Rakish and dramatic, the sixth chapter in Maranello’s remarkable Supercar story combines the compelling function of a racing car with flowing, sculptured beauty. That feeling extends to the interior, designed around a ‘1+’ concept that balances optimum aerodynamic efficiency whilst packaging driver and passenger in a truly special cockpit.
The very latest automotive technologies define the F80’s character and enable its freakish capability. You might think that borrowing from both the Ferrari Formula One and World Endurance Championship programmes would be more than enough, but the F80 goes beyond their strict regulations to create a truly contemporary Supercar – one very much designed and developed for the road, but also to excel on track.
Winner of Top Gear magazine's Hypercar of the Year award, the F80 is the most powerful and advanced Ferrari ever built – a 1,200 cv road car informed by Le Mans and F1 technology
Located on Italy’s Adriatic coast, Misano is a perfect venue to experience the new Supercar. With a challenging mix of tight hairpins, long straights, high-speed curves and big braking zones it plays to all the F80’s strengths.
It should be daunting to take a 1,200 cv, 350km/h supercar on a circuit, but the F80 is supremely simple to drive. The challenge is not in operating the machine, which has been honed to perfection, but in summoning the belief that you can brake so late and carry so much speed into corners.
Like its driver, the F80 also adapts. Thanks to a new Boost Optimisation system, the F80 actually learns the circuit, analyses its corners, and deploys the hybrid powertrain’s energy at optimum points. When using Performance mode, battery deployment and regen are managed to deliver maximum sustainable performance lap-after-lap; in Qualifying mode all available energy is deployed over one ferocious lap.
The speed is mind-bending with huge-corner exit thrust delivered by internal combustion and battery power. The soundtrack is fabulous, too, the V6’s distinctive gruff growl building to a serrated bark as it approaches the 9,200rpm redline. Pull for the next gear and there’s a sharp crack like a rifle shot as the DCT completes the upshift.

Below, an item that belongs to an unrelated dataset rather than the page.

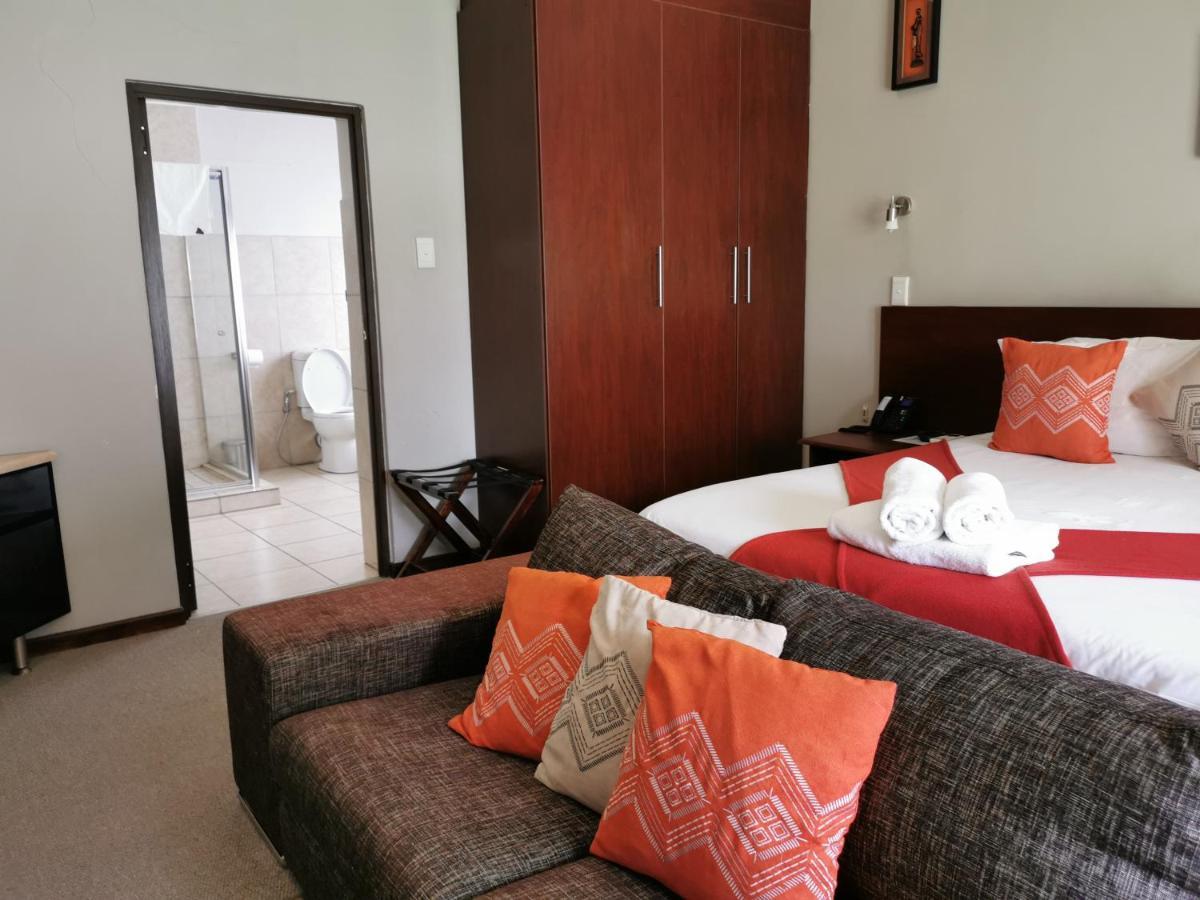 47 On Preston Guesthouse Johannesburg Esterno foto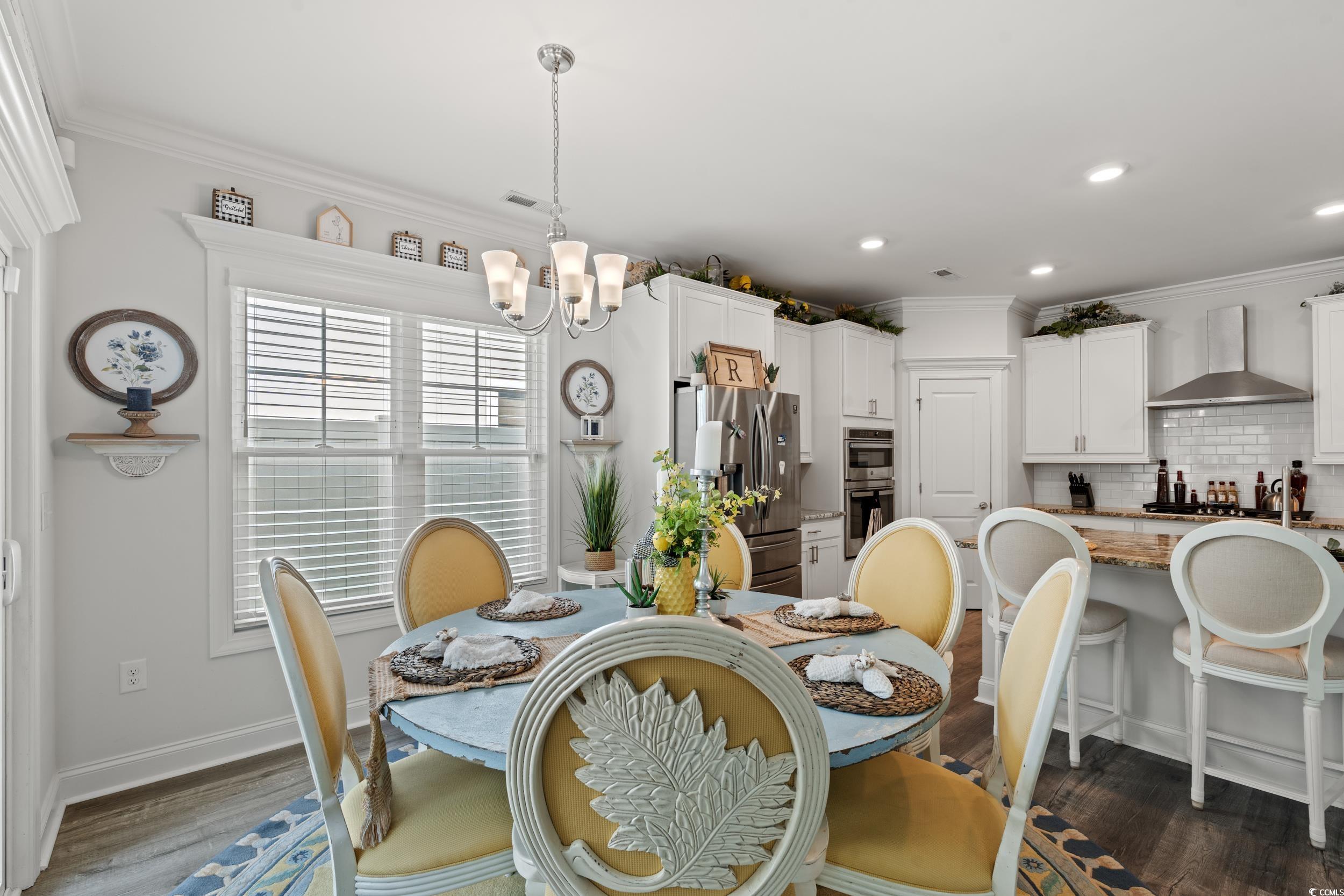 1300 Doubloon Dr. Property Photo 15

With its sweeping curves, long straights and intimidating braking zones, Misano lets the V6 hybrid supercar reveal its true potential
It’s the same sensory overload in the braking zones as the combined might of the F80’s new Brembo CCM-R Plus brakes and ABS Evo control system. It simply shouldn’t be possible to simultaneously pull such huge longitudinal and lateral g-force under braking, but the front-end remains nailed to your chosen line whilst the rear leans on apparently limitless grip. Active suspension is key, an evolution of the Multimatic system first seen on the Purosangue. Body roll and dive under braking are almost eradicated, the suspension allowing just enough movement for you to feel how hard the car is working and what’s left in reserve.
The final piece of the F80’s foundation technology is its active aerodynamics. Heavily influenced by learnings from the 499P Hypercar programme, the F80 generates 1,050 kilos of downforce at 250km/h via a radical combination of tri-plane S-duct and Active Reverse Gurney flap at the front, and a huge active rear wing that can adjust through 11 degrees to maximise downforce or reduce drag.
It takes a few laps to convince yourself it’s possible, but eventually you summon the courage to take Misano’s ultra-fast kink with barely a lift of the throttle – slicing through at 250km/h with absolute stability, as though the car is running racing slicks, not Michelin Pilot Cup 2R street tyres.
It is more than 40 years since Ferrari began its Special-Series journey with the exquisite GTO. Since then, the F40, F50, Enzo, LaFerrari and now the F80 have all played their part in shaping Maranello’s series-production future. The adventure continues.